Although the example in this vignette focused on a binary response variable, we
can use nearly identical code if we have the sum of multiple binary variables.
For example, image a hypothetical dataset similar to the well-switching data but
spanning multiple villages. Each observation (each row) of this `data.frame`
corresponds to an entire village: `switch[i]` is the number of 'yes' responses
to the well-switching question for village `i`, `dist100[i]` is the average
distance to the closest well with clean water for village `i`, etc. We also now
have a variable `n` where `n[i]` is the number of respondents from village `i`.

For this data we can estimate a similar model to the one we used in the binary
case by changing the formula to

  `cbind(switch, n - switch) ~ dist100 + arsenic`

The left-hand side is now a 2-column matrix where the first column is the 
number of 'yes' responses and the second column is the number of 'no' responses
(or more generally, the number of successes and number of failures). 
The same model can also be specified using the proportion of 'yes' responses
and the total number of responses in each village.
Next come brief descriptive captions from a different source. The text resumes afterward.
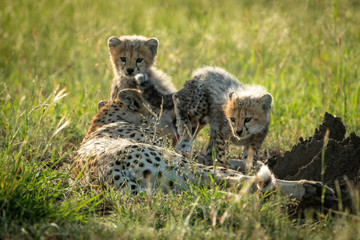 Cheetah cub climbs over mother by sibling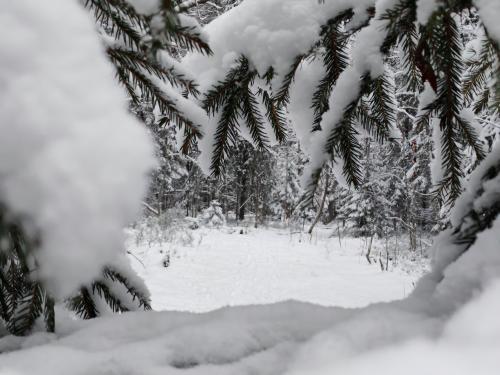 ���� � ����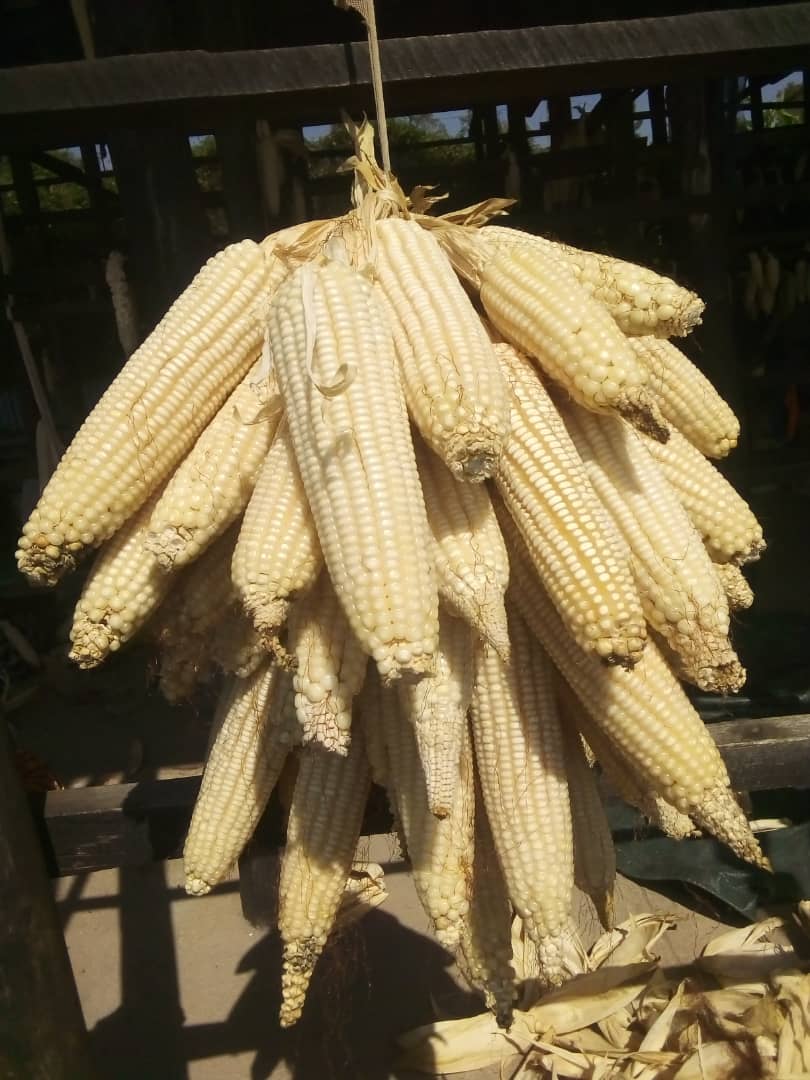 DelphineMujawa1's tweet photo. Nta kinezeza umuhinzi nko guhinga kandi akeza!Igishanga cya Kamiranzovu/Bishenyi gikora mu mirenge ya RUNDA na RUGALIKA,mu karere @Kamonyi Isarura ry'ibigori byahinzwe muri season 2023A Ryaratangiye!Abahinzi barishimira cyane umusaruro!Imihigo irakomejeeeee! https://t.co/z7E0npXwXG
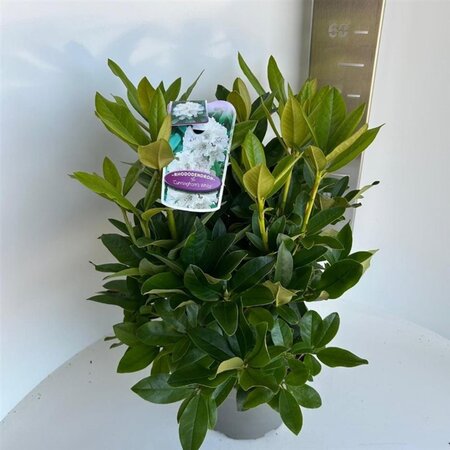 Rhododendron 'Cunningham's White' WIT 30-40 cm cont. 5,0L - image 5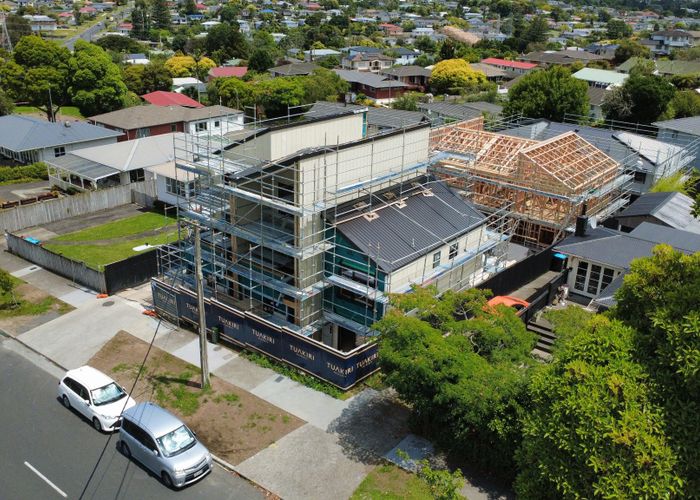  at 253 New Windsor Road, New Windsor, Auckland City, Auckland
This corresponds to the formula

  `prop_switch ~ dist100 + arsenic`

where `prop_switch = switch / n` is the proportion of 'yes' responses. The total
number of responses is provided using the `weights` argument. In this case we 
would add `weights = n` to the call to `stan_glm`. 

An example of a similar model can also be found in __Step 1__ of the 
["How to Use the __rstanarm__ Package"](rstanarm.html) vignette.

# Going Further

In the hypothetical scenario above, if we also have access to the observations
for each individual in all of the villages (not just the aggregate data), then a
natural extension would be to consider a multilevel model that takes advantage
of the inherent multilevel structure of the data (individuals nested within
villages). The [vignette](glmer.html) for the `stan_glmer` function discusses these models.

# References

Gelman, A. and Hill, J. (2007). _Data Analysis Using Regression and
Multilevel/Hierarchical Models._ Cambridge University Press, Cambridge, UK.